The requested sample time and actual update time are shown at the lower left corner of the display. The requested update rate of the strip chart can be increased to the limit of the interface by pressing the up arrow key and decreased by pressing the down arrow key. This also sets the update rate for the histogramming data collection on Page4.

This is the histogram (display) page. It only plots channels that have been interactively selected by the user via <Insert> in user "selected group" and the <Delete> from user group using Page0 through Page2. The limits for this pages' plots are taken from the meter limits on Page2. In addition to all of the normal Function keys from Section 1.2 "Operation in a Nutshell" one needs to remember the <F3> key to start and stop the histogram. The up and down arrow keys select which channel's histogram is being displayed. The combinations are:

Histogram parameter buffers are initialized at the start of the histogram. Only the power supply channels of the special user group are displayed. Changing the meter limits or changing the membership of the special group are prohibited until histogramming is stopped. The vertical scale of the histogram is automatically scaled as data is accumulated.

Various statistics of the histogram are shown above and below the histogram data window and dynamically updated as data is collected. Statistics include the on-plot count, underflow count, overflow count, histogram bin size, mean and standard deviation of the histogram data.
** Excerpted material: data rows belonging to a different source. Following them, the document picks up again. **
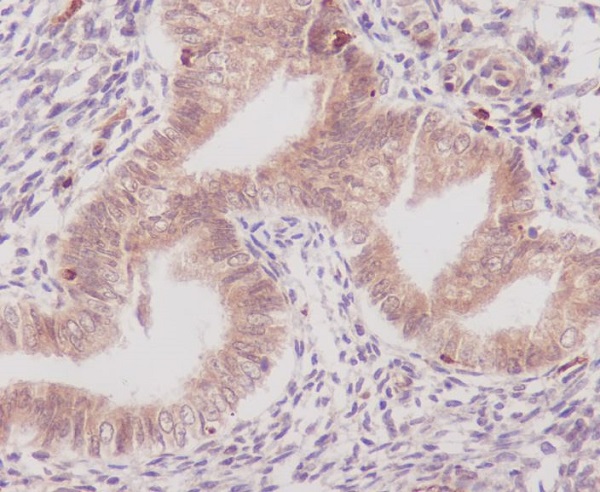 IHC analysis of COX1 using anti-COX1 antibody (M00811) on human uterus. COX1 was detected in paraffin-embedded section. Heat mediated antigen retrieval was performed in citrate buffer (pH6, epitope retrieval solution) for 20 mins. The tissue section was blocked with 10% goat serum. The tissue section was then incubated with 1ug/ml rabbit anti-COX1 Antibody (M00811) overnight at 4°C. Biotinylated goat anti-rabbit IgG was used as secondary antibody and incubated for 30 minutes at 37°C. The tissue section was developed using Strepavidin-Biotin-Complex (SABC)(Catalog # SA1022) with DAB as the chromogen.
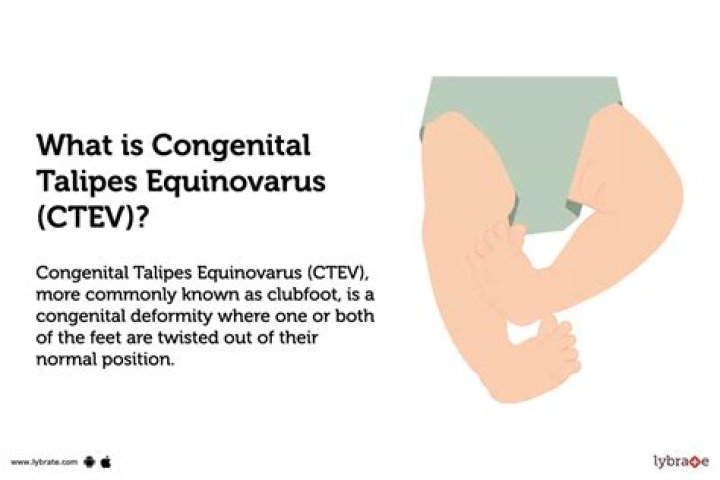 Is congenital talipes equinovarus?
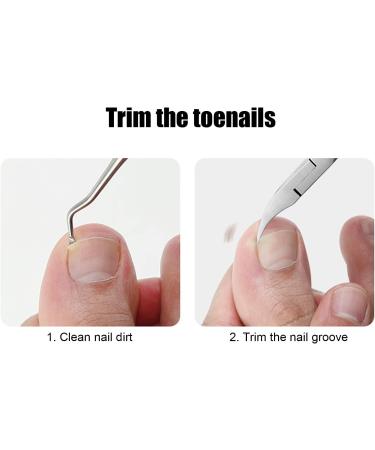 Toenail Nipper Toenail Clippers Professional with Toenail Lifter for Foot Nail Treatment for Thick Toenails - Buy Online on GoSupps.com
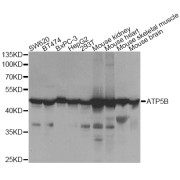 Western blot analysis of extracts of various cell lines, using ATP5B Antibody (abx004417) at 1/1000 dilution.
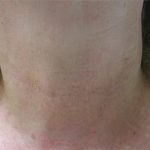 Fractional Laser Before & After Patient #1863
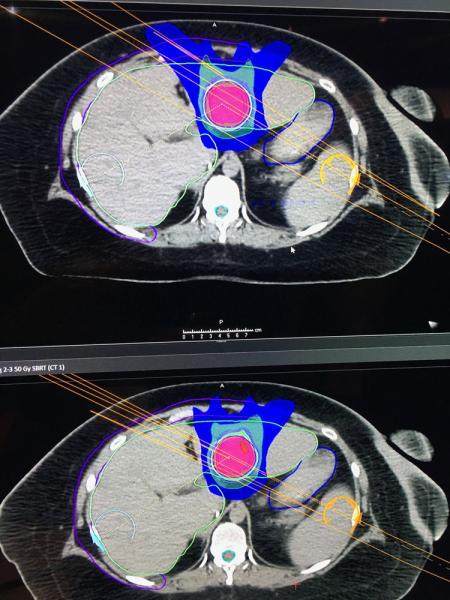 这是Raysearch在今天的ASTRO 2019会议上展示的机器学习和人类创建的胰腺癌放射治疗方案的比较。该供应商获得了FDA对这种机器学习技术和MRI和CT自动分割的批准。# astro19 # astro2019 # astro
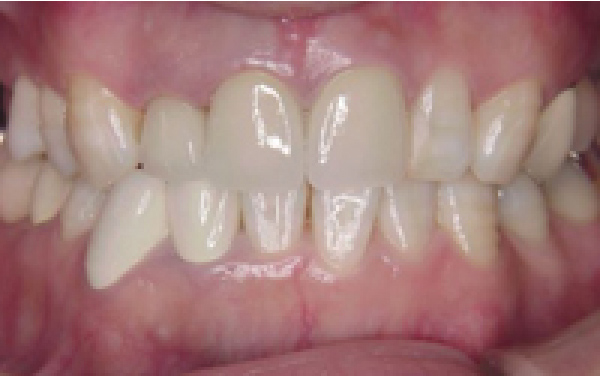 前歯の自費治療（治療後）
There are also indicators for both the Current Trip Limit reference setting and the Target Voltage setting. They are tiny red triangles pointing at the horizontal axis of the histogram displays.

The requested sample time and actual update time are shown at the lower left corner of the display. The requested update rate of the strip chart can be increased to the limit of the interface by pressing the up arrow key and decreased by pressing the down arrow key. This also sets the update rate for the histogramming data collection on Page3.

This calls up a menu system to save, restore, set, enable and disable various parameters for both the power supply hardware and software control options. The key combinations act on the presently selected "GROUP", "CHANNEL", "DETECTOR", or whole "RACK" as displayed at the top of the menu in yellow to emphasize the present mode. For menu items the capitalized letter in yellow is "hot" in the sense that the program will immediately do whatever that menu pick says. A slight exception to this is when restoring and changing values in most cases the <Enter> key must first be pressed to execute it or <ESC> to abort the operation. Pressing <Esc> again will back the user up one menu. Menus are no more than two deep so that at most three consecutive <Esc> keys should put the user back in the page they entered the menu from (Page0 through Page4)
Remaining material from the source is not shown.